The next night, following our encounter with H.M.C.S. Columbia, we had another beautiful, easygoing sail in the moonlight until about 11:45 P.M., when I turned in.

On Sunday, June 13th, I awoke to find a stiff breeze blowing so I kept Tinkerbelle tethered to the bucket drogue and utilized the time that gave me away from the tiller to rearrange the stowage of my supplies. I was getting more and more fed up with having to root through nearly everything I had to find what I wanted. I also took the opportunity to write some letters, to Virginia and others, which I hoped a passing ship might eventually pick up and mail for me when it reached port. We were hove to for seven or eight hours, altogether, not counting the night hours when I was sleeping. It was quite a pleasant time, on the whole, for the waves were not quite big enough to scare me out of the comfort of the cabin, but I was impatient and fretful because we weren’t moving eastward.

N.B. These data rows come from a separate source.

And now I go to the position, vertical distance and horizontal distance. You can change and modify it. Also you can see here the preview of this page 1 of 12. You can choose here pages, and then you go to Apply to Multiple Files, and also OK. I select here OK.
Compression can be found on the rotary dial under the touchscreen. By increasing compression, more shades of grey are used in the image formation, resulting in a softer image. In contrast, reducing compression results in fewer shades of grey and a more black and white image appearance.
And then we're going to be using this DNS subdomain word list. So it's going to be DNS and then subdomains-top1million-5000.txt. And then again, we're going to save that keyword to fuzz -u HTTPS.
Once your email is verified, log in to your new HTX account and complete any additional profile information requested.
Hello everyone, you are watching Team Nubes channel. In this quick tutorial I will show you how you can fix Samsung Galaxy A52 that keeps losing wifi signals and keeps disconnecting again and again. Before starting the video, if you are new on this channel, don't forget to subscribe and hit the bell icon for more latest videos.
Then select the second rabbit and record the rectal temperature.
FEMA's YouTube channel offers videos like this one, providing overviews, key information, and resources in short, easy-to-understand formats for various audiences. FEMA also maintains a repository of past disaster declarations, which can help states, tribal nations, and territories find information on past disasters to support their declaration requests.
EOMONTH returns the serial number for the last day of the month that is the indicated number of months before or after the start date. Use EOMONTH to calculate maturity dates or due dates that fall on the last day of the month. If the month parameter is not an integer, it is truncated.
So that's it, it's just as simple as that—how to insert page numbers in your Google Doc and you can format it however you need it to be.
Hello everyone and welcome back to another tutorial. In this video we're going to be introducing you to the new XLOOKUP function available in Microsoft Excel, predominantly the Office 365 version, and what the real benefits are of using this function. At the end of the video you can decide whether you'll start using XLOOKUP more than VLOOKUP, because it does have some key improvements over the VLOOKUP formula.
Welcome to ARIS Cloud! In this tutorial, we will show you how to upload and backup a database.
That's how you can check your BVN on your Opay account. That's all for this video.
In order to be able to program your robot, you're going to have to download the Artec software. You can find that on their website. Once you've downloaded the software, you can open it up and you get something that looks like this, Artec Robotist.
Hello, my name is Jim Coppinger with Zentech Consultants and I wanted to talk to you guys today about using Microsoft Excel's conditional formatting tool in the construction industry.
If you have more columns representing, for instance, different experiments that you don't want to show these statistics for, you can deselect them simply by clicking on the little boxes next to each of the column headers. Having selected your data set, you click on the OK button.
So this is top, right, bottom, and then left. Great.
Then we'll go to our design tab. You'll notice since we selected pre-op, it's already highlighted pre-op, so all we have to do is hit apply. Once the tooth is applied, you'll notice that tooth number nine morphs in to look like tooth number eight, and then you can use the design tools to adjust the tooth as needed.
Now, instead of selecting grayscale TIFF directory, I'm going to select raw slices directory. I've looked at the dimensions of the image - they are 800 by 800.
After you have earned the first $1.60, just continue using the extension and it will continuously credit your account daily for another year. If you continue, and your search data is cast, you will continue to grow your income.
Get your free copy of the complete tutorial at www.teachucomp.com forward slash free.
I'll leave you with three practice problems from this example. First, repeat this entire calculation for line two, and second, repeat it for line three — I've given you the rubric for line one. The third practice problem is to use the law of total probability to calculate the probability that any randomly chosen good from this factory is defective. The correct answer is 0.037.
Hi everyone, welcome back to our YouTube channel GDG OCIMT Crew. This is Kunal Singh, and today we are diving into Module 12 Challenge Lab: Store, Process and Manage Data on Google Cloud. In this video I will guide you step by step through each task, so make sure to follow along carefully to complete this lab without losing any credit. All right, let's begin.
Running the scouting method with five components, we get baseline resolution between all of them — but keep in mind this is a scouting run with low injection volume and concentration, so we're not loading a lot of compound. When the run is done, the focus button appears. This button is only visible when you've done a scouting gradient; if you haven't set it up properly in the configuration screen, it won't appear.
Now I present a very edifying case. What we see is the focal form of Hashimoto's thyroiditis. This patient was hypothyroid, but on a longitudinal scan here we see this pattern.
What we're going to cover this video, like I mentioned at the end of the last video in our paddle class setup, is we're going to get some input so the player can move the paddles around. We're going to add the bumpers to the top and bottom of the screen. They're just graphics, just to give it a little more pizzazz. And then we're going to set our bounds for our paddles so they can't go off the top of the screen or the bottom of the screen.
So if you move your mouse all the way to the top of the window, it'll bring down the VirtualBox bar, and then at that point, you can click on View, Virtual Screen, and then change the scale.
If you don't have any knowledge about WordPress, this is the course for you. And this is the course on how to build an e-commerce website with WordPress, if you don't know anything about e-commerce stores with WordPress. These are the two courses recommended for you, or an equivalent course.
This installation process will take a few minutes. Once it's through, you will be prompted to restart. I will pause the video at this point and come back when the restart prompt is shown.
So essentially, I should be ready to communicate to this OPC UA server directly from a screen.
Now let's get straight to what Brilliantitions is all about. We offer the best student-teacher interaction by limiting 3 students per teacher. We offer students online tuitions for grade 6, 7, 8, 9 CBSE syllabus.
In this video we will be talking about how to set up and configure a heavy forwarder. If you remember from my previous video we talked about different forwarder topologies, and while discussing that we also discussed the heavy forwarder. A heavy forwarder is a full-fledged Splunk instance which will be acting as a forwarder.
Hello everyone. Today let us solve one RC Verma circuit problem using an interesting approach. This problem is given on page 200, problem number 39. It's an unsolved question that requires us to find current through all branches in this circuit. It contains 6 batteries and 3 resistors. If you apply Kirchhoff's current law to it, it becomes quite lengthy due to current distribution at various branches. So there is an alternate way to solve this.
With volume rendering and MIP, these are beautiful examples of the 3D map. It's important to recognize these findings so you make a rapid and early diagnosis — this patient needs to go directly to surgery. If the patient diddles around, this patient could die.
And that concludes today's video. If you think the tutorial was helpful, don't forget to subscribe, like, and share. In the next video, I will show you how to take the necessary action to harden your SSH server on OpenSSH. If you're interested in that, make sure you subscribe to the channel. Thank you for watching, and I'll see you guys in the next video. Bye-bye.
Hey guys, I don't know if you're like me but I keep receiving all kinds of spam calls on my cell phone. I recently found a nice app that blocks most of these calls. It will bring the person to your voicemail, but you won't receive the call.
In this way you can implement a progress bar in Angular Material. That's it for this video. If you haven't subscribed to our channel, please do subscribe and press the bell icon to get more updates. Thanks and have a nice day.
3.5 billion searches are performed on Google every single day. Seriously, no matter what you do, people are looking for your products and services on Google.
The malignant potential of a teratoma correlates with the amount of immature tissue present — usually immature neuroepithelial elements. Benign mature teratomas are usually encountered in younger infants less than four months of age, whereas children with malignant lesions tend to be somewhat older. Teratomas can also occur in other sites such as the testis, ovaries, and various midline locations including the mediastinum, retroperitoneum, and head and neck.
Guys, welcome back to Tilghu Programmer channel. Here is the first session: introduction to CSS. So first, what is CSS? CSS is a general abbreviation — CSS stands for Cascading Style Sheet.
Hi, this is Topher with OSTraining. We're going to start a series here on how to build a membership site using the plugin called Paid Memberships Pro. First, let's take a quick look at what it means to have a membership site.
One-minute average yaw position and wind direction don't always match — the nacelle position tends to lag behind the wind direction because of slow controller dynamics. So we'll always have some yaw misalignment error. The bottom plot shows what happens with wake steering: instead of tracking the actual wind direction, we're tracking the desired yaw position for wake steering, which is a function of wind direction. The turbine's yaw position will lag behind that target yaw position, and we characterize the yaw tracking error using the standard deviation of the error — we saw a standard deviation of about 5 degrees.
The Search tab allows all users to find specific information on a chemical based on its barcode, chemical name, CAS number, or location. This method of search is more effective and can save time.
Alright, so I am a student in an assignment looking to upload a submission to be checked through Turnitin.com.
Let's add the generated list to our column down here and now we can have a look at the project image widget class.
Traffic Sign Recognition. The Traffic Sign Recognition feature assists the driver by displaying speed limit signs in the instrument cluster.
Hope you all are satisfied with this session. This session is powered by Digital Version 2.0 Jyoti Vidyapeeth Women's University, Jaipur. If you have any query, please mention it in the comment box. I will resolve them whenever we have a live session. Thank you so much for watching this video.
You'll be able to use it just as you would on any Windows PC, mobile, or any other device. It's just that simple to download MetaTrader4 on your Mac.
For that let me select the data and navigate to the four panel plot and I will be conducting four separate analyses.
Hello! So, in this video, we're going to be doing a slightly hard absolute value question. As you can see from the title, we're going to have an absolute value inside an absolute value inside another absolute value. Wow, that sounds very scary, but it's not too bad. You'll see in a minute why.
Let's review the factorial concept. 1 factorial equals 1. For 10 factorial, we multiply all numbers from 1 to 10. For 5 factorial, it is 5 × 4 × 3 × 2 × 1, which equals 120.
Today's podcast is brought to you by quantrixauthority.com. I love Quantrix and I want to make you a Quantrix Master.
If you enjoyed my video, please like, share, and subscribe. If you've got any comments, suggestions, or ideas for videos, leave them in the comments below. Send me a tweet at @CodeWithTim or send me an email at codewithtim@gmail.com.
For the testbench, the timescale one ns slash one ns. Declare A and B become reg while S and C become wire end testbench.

In fact, we were falling behind on the schedule I’d set and if we didn’t get cracking soon it would take more than three months to reach England instead of the two months I had estimated.

Fortunately, the wind abated a little at about one in the afternoon. I hauled in the sea anchor, put a tuck in the mains’l and the Tinkerbelle spread her red–and–white wings. We took off at top speed.